Pituitary adenomas are the most common cause of a sellar or parasellar mass, comprising about 10 to 15 percent of all intracranial tumors [1, 2]. It is well documented that pituitary adenomas have the capacity to invade adjacent and nearby structures, most commonly the sphenoid sinus [3]. Less commonly, pituitary adenomas may also involve the cavernous sinus, suprasellar region, nasopharynx, and rarely the clivus [4]. Purely ectopic pituitary adenomas are extremely unusual and must be confirmed via imaging and intraoperative visualization to be completely separate from an intact pituitary gland and the sella turcica.
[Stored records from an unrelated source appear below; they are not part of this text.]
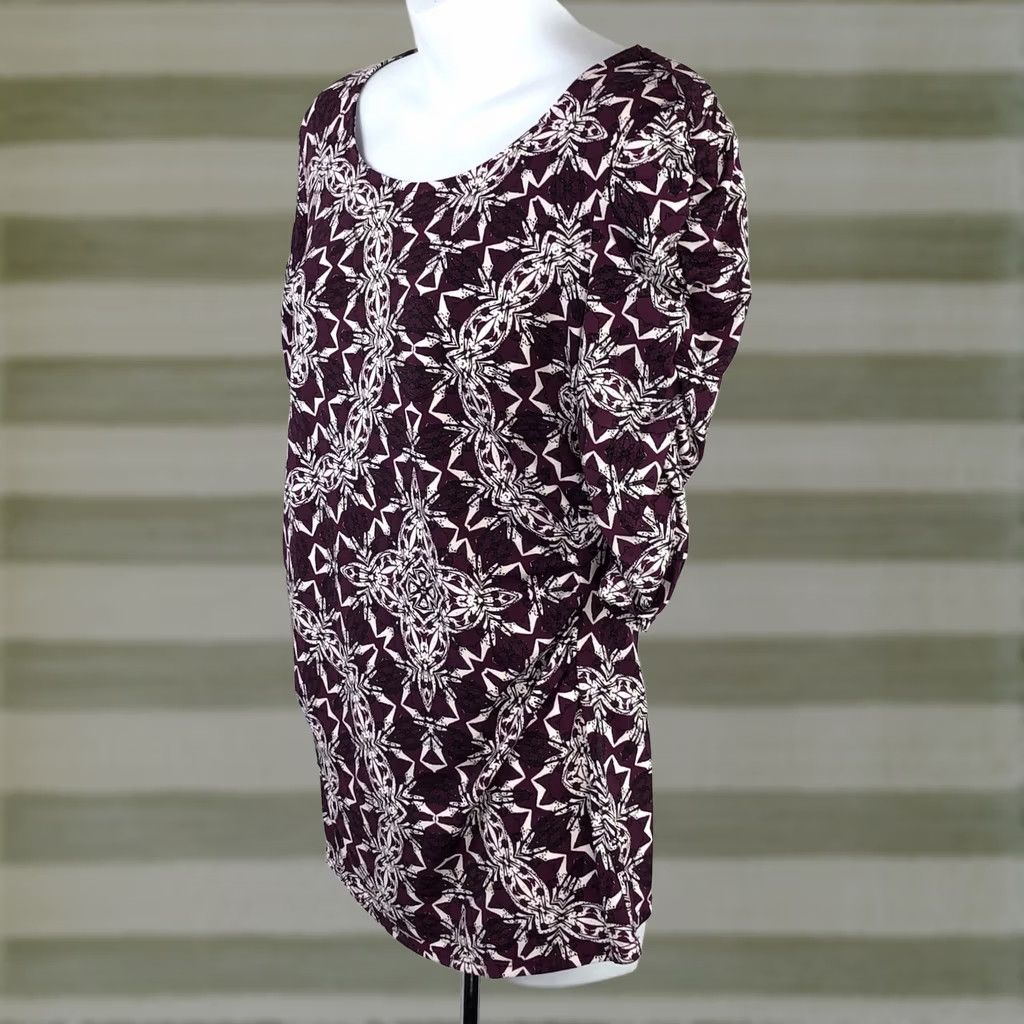 Alfani Alfani Blouse Womens S Purple Top Geometric Abstract Ruched sleeve Tribal Boho Size S / US 4 / IT 40 - 1 Thumbnail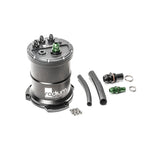 Radium Engineering universal aluminum fuel surge tank for external in-line fuel pumps, part number 20-1195.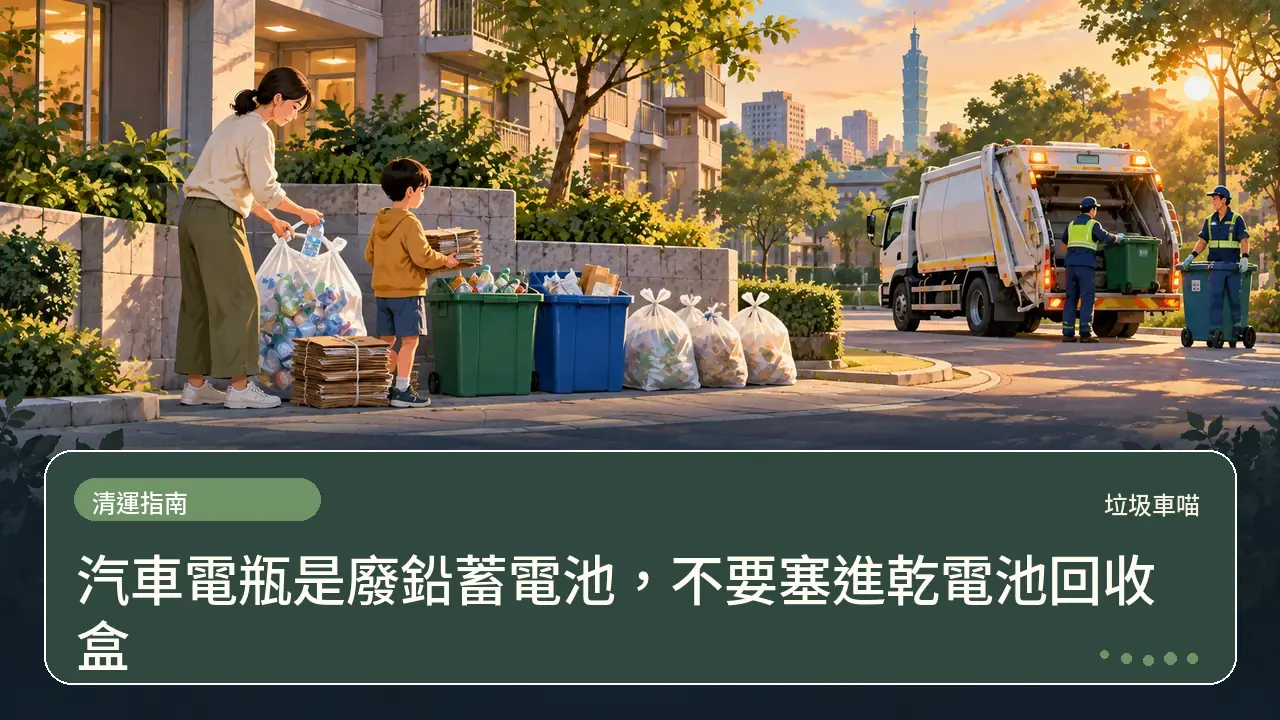 汽車電瓶是廢鉛蓄電池，不要塞進乾電池回收盒主題插畫
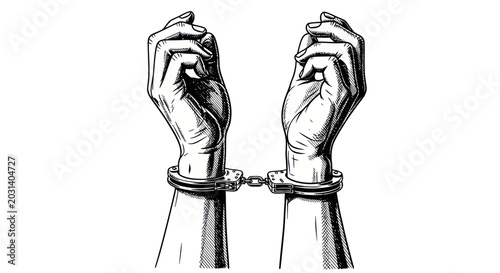 Obraz na płótnie Hands Bound by Handcuffs, Illustration of Captivity and Restraint
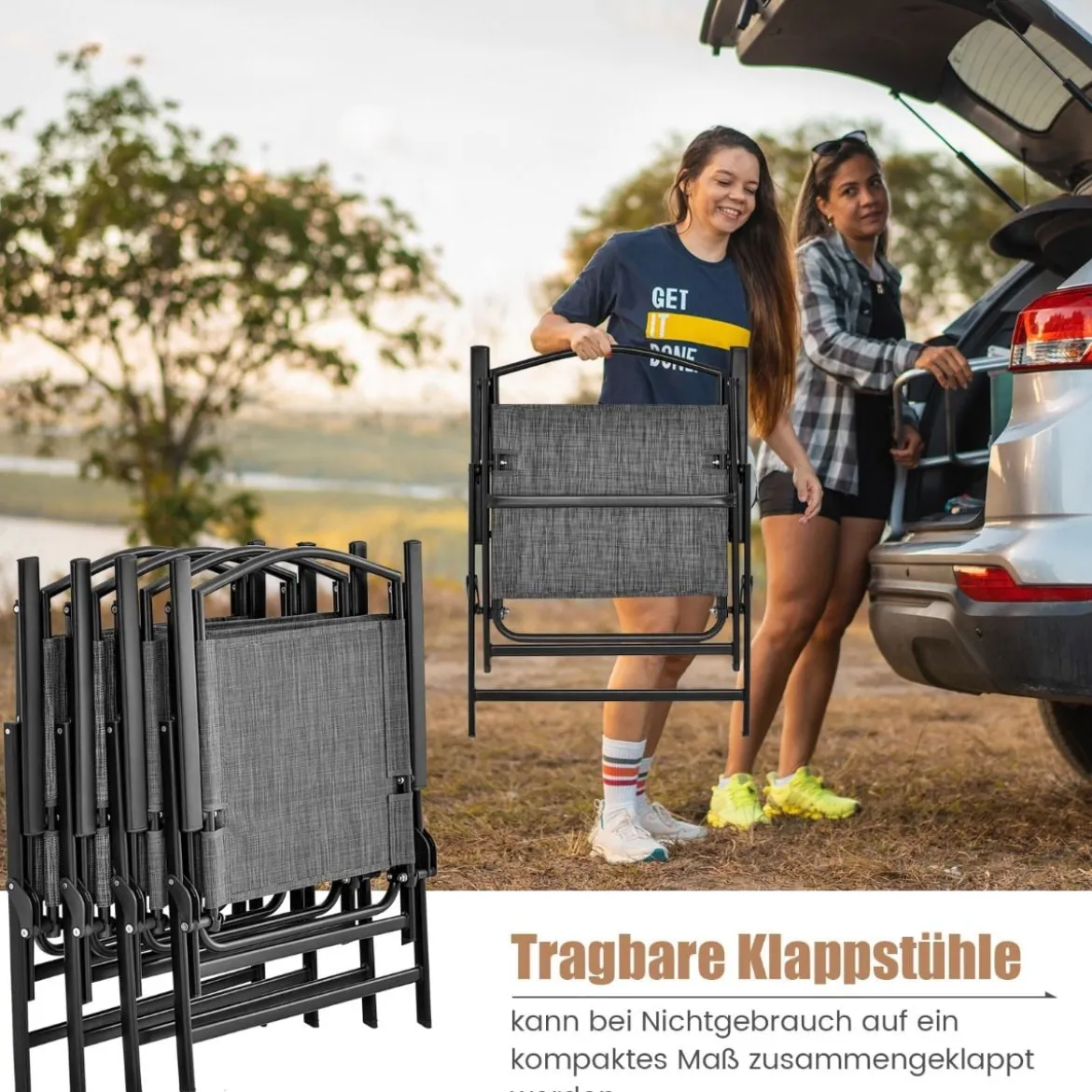 5-TLG. Gartenmöbel Set Terrassenmöbel inkl. 4 Klappstühle 1 Tisch mit Schirmloch Grau + Schwarz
Here we report on a patient that presented with an incidental clival mass thought to be a chordoma. Endonasal resection, pathology of the tumor, and endocrinology workup revealed a purely ectopic prolactin-secreting pituitary adenoma.

2. Case Report

Our patient was a 41-year-old right-handed male who presented with an incidental clival lesion, originally presumed to be a chordoma. Subjectively, the patient reported no neurological complaints. The patient’s medical history was significant only for chronic neck and lower back pain and there were no noteworthy findings on physical examination, which included a thorough neurological exam. His complete blood count, chemistry panel, and metabolic panel were all normal.
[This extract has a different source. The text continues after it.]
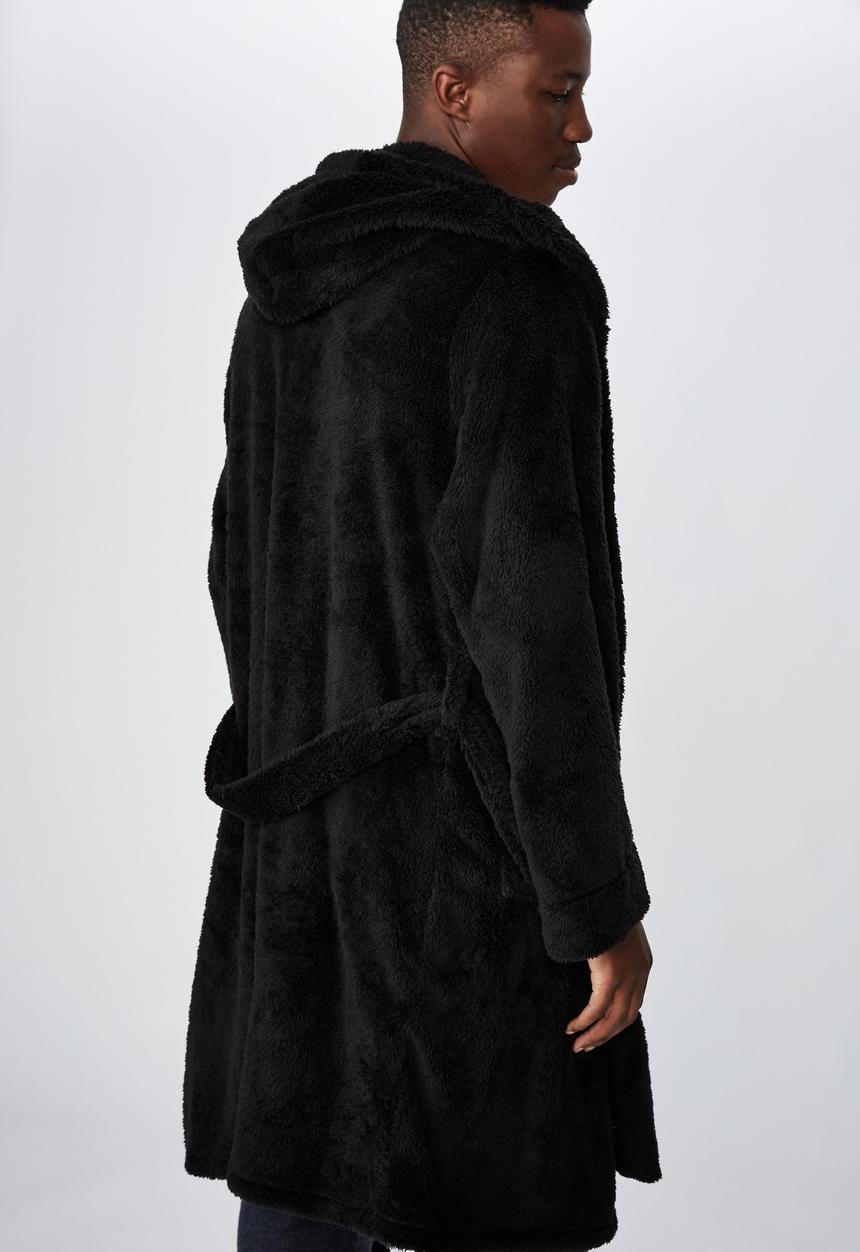 Cotton On - Mens plush gown - black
Repeat magnetic resonance imaging (MRI) revealed an enhancing lesion measuring 1.7 × 2.6 × 3.2 cm that involved the entire clivus, extended laterally to the petroclival junction, and invaded the cavernous sinuses bilaterally with further encasement of the internal carotid arteries (ICAs) bilaterally, without direct extension into the sella (Figures 1(a)-1(b) and 2(a)2(c)). This lesion was stable in comparison to outside hospital images. The case was discussed at an interdisciplinary brain tumor meeting and, ultimately, the patient was advised to undergo surgical resection via an endoscopic endonasal approach. Intraoperatively, it was very clear that the tumor originated from the clivus and that the sellar dura was completely intact. The frozen-section pathology surprisingly was consistent with a pituitary adenoma. Accordingly, a decision was made perioperatively to proceed with only partial resection due to the potential for medical management of most functional adenomas postoperatively and the risks associated with complete resection given the complex distribution of the lesion. The patient had no complications and was discharged home on postoperative day 2.
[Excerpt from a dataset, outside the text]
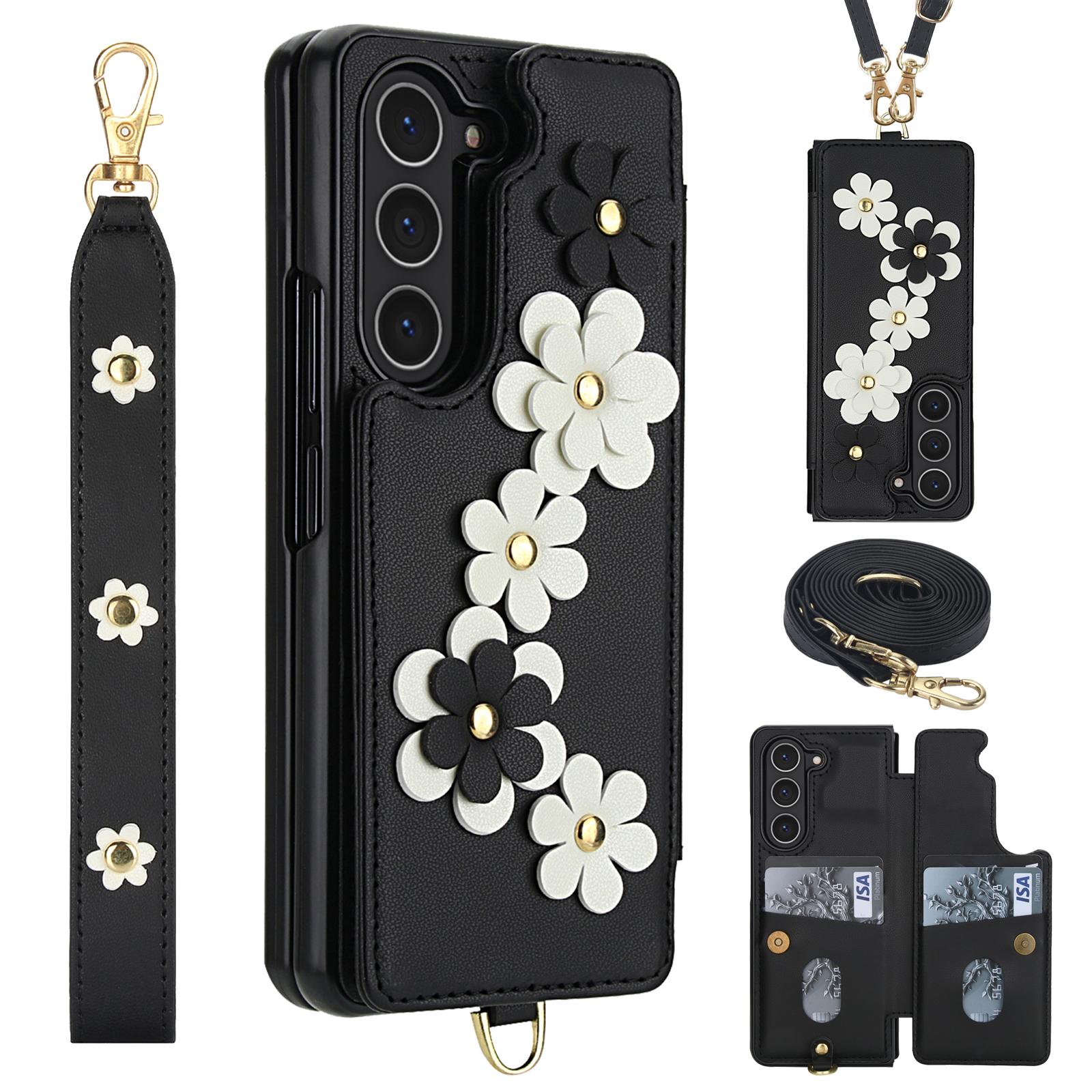 

For Samsung Galaxy Z Fold5 5G Case Card Slots Leather Coated TPU Flower Phone Cover with 2 Straps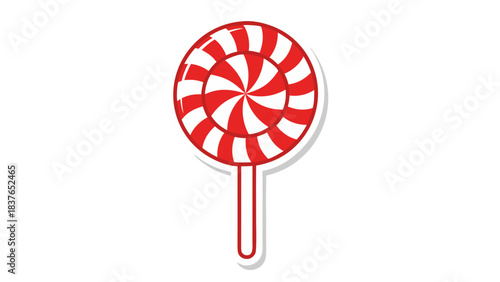 Red And White Swirled Lollipop Candy On A Stick With A Black Background And White Outline Isolated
Postoperative imaging revealed expected residual enhancing lesions along the petroclival junctions bilaterally and on the right cavernous sinus near the right ICA (Figures 3(a) and 3(b)). Immunostaining of the tumor tissue demonstrated an epithelial neoplasm that stained positive for synaptophysin and prolactin with a low Ki-67 index (Figures 4(a)4(d)), suggestive of a prolactin-secreting pituitary adenoma. Additional immunohistochemical stains seen in chordomas (EMA, S100, and Brachyury) and other metastatic tumors were negative. A postoperative endocrine workup (Table 1) revealed an elevated serum prolactin of 881.3 ng/mL (normal male < 20 ng/mL). The patient was referred to an endocrinologist and began dopamine agonist (cabergoline) therapy given his prolactin level and residual tumor. He has since been followed up for over 1 year with monthly visits. His most recent prolactin level (11 months postoperatively) was 20.6 ng/mL; his lowest level was 15.2 ng/mL, collected 6 months postoperatively. He remains neurologically intact.

PatientReference range

Free T4 (ng/dL)0.70.7–1.5
TSH (μIU/mL)2.580.4–4.0
Prolactin (ng/mL)881.32.6–13.1
FSH (mlU/mL)31.0–8.0 (Men)
LH (mlU/mL)3.12.0–12.0 (Men)
Cortisol, 2PM (μg/dL)6.80–25
Total testosterone (ng/dL)290250–1100
Free testosterone (pg/mL)58.435–155

T4 = thyroxine hormone.
TSH = thyroid stimulating hormone.
FSH = follicle stimulating hormone.
LH = luteinizing hormone.

3. Discussion

Clival tumors are generally rare, comprising 1% of all intracranial neoplasms. The differential diagnosis for a clival lesion is vast, including chordoma most commonly (40%), meningioma, chondrosarcoma, astrocytoma, craniopharyngioma, germ cell tumor, non-Hodgkin’s lymphoma, melanoma, metastatic carcinoma, and rarely pituitary adenoma [4]. Our patient was presumed to have a chordoma based on the radiographic characteristics and the tumor location. Clival chordomas are typically managed with gross total resection with proton beam therapy. There has been one previous report of an ectopic pituitary adenoma thought to be a chordoma [12] and vice versa [4].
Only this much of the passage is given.